- _Work instruction_: When copying the data below, keep only the lines from the one with "price of the preferred" through the one with "Blind Spot Mirrors- Compatible", word for word, and skip the pictures.

- _Dataset_:
* * *
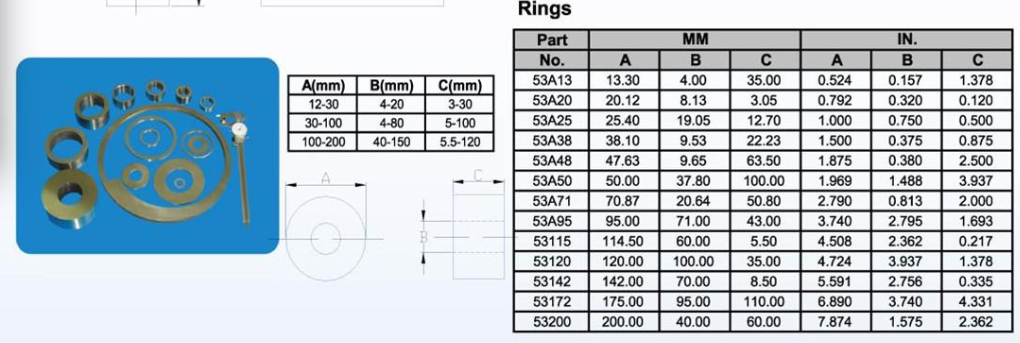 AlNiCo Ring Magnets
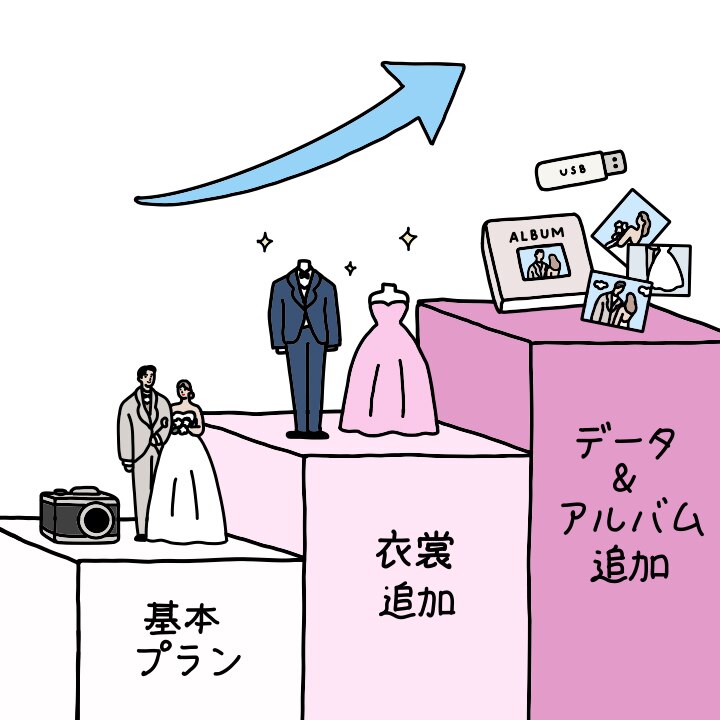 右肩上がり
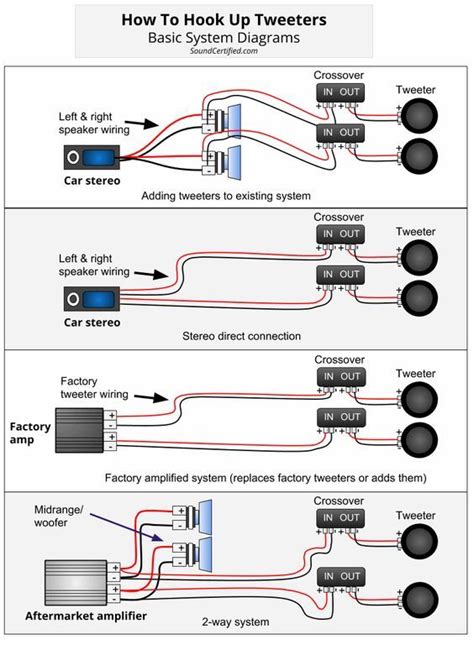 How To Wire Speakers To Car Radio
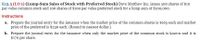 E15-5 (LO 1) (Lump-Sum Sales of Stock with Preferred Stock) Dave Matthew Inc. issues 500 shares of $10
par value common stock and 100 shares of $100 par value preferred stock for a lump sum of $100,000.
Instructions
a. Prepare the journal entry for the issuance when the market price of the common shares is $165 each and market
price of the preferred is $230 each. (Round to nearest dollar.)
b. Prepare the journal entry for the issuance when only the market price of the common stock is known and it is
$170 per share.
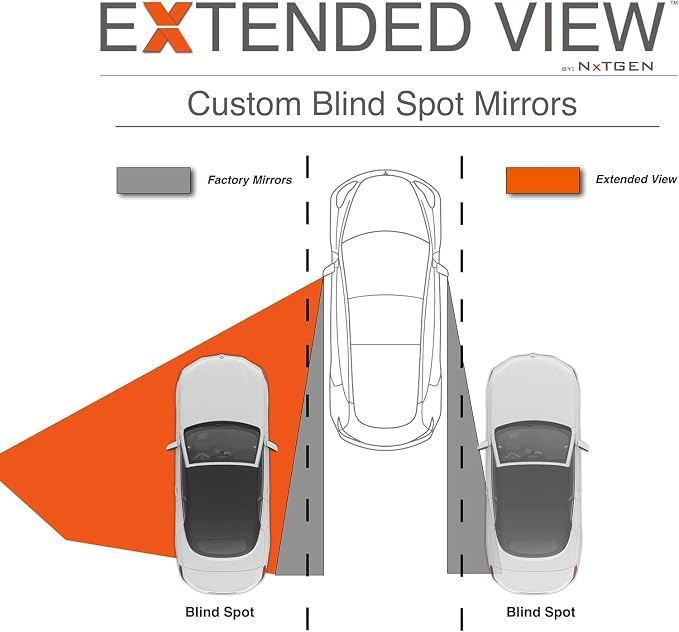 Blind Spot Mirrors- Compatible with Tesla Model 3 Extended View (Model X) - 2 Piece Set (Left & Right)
* * *
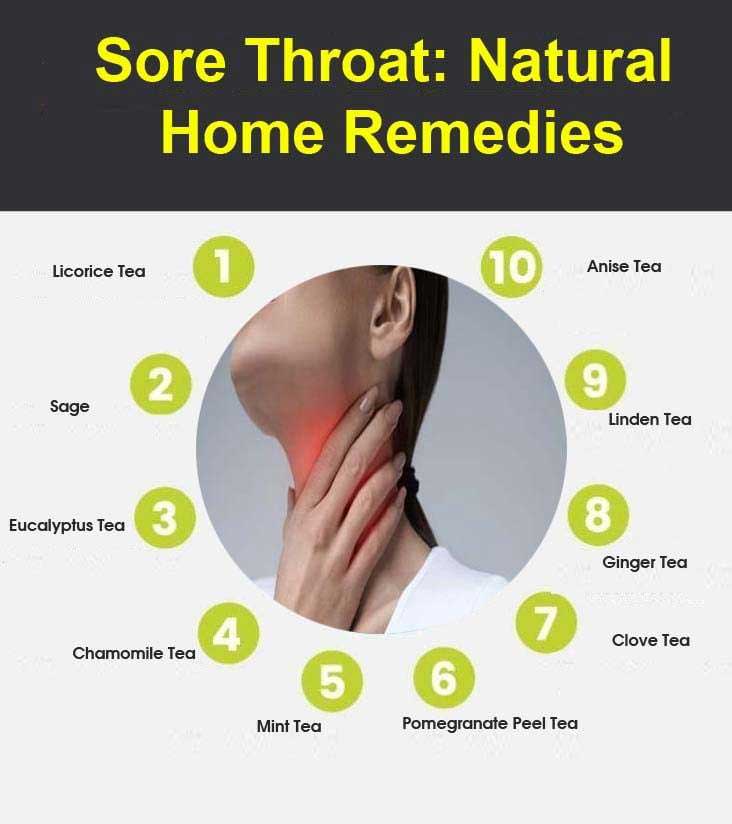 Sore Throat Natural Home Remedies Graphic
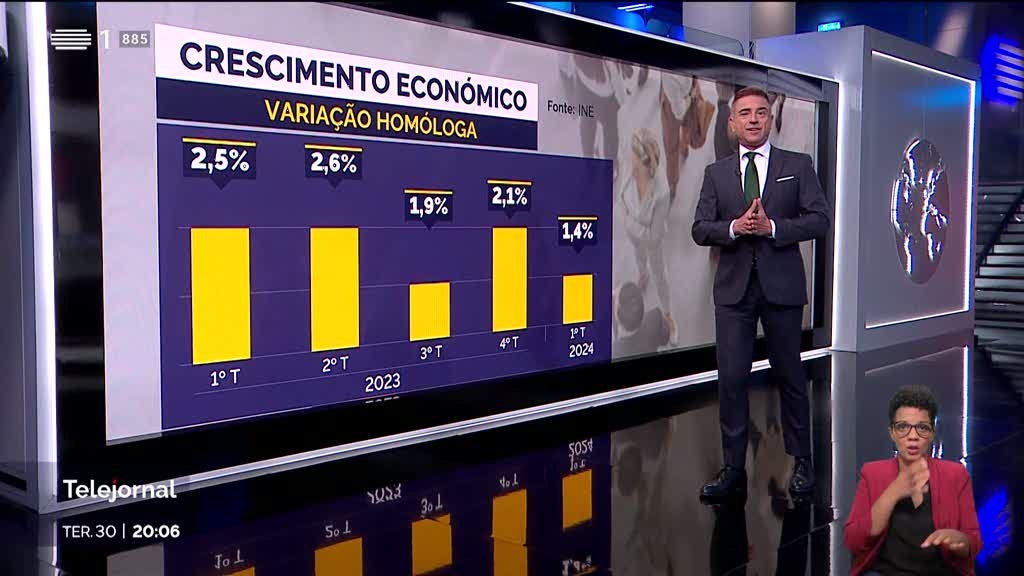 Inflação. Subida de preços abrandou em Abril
* * *
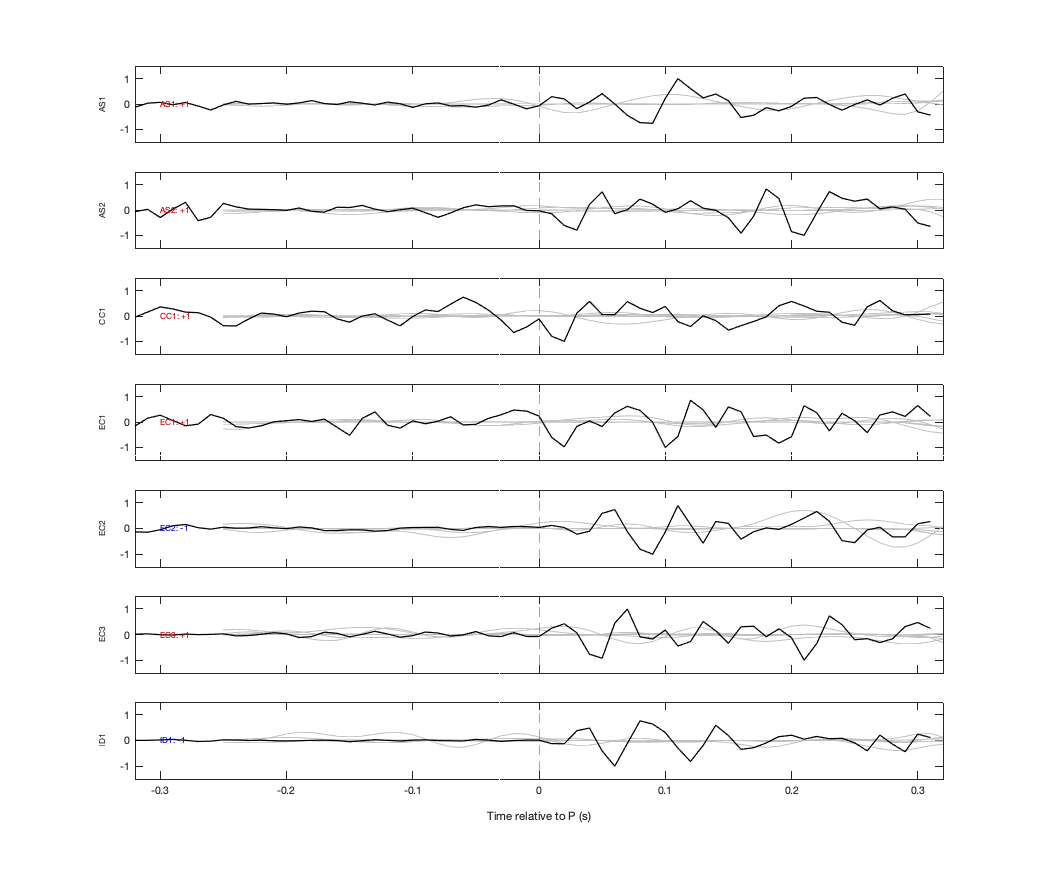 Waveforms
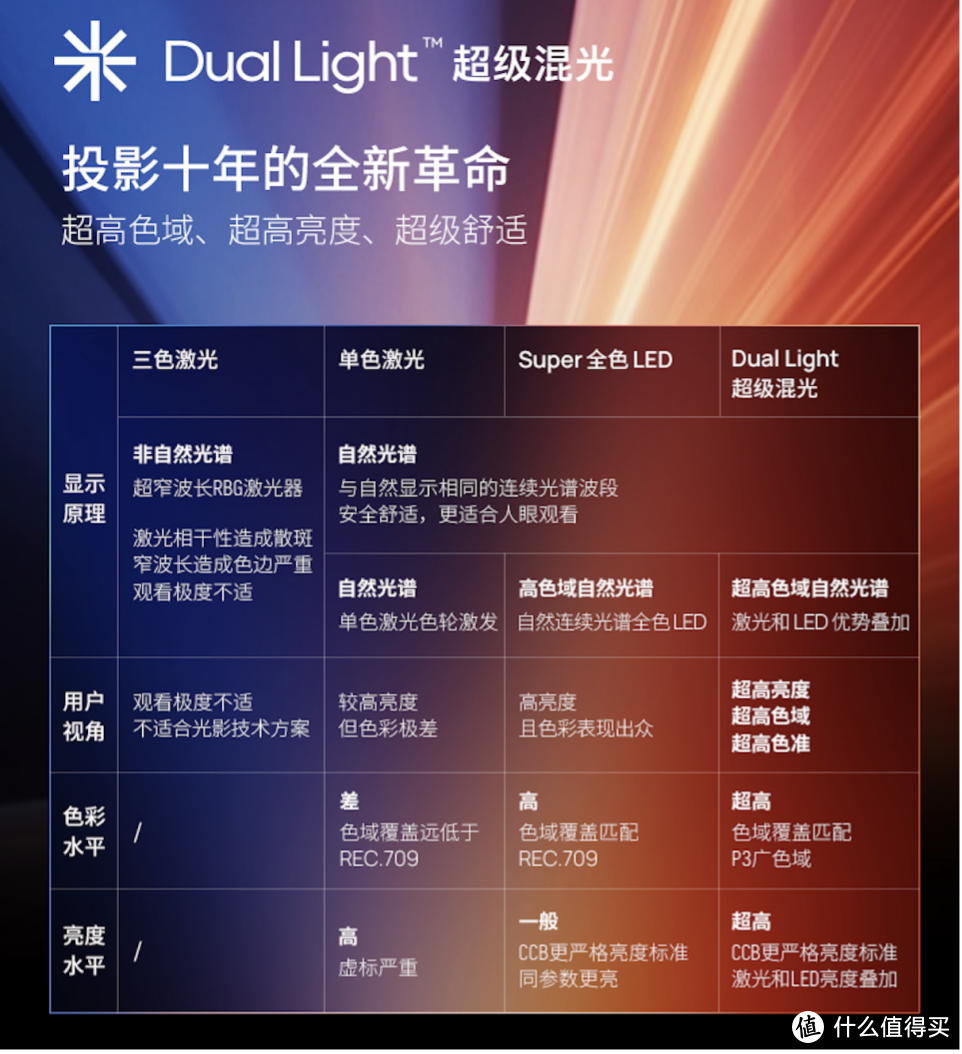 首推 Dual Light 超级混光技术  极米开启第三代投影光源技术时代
* * *
- _Expected output_:
price of the preferred is $230 each. (Round to nearest dollar.)
b. Prepare the journal entry for the issuance when only the market price of the common stock is known and it is
$170 per share.
 Blind Spot Mirrors- Compatible with Tesla Model 3 Extended View (Model X) - 2 Piece Set (Left & Right)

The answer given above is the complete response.